Cecil is destined to leave impressionable siblings Daphne and George quaking in his wake. Both are enamored with the poet's wavy dark hair, oiled almost flat, and his playful eyes, his propensity for drinking and partying. Clearly Cecil is a virile man who acts out his passions to the fullest. George is most attracted. Their secret affair began at Cambridge and continues on throughout three summery days when Cecil comes to stay at Stanmore Hill soon after a visit to his lover’s home, the rambling ancestral Corley Court.

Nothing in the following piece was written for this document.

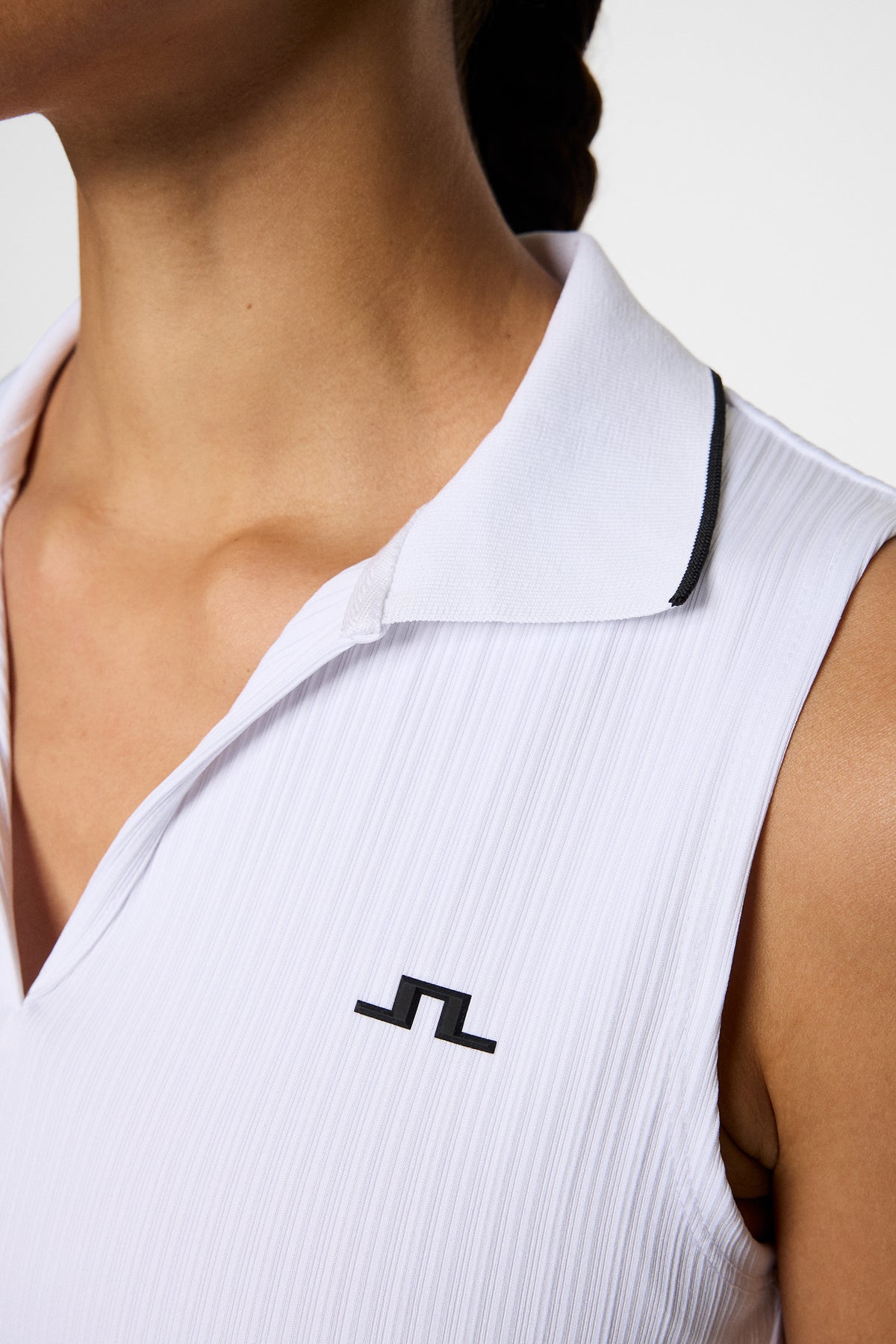 Delilah Sleeveless Top in White by J.Lindeberg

Feeling the chill of his own "act of daring" at bringing this man into his mother’s house, George's whole spine prickles “under the sweeping secret promise.” The fact that George still harbors Victorian class pretensions that define English society pre-World War I does little to blunt his feelings of lust for the handsome poet. At least Freda Sawle thinks it’s good for her son to have “a friend,” even when relations such as these should be probably kept as discreet as possible.

Amid the sporting sense of solidarity and the comfortable stink of cigars, Corley Court is the place that seems to call Cecil’s poems forth. There’s a sense of reckless disorder as Cecil chants his words like a priest in literary soirees and drunken gatherings. Each day brings Hollinghurst’s characters closer to the German war and "a sort of dense crossing out," as if not only Cecil’s words but his very ideas had to be obliterated.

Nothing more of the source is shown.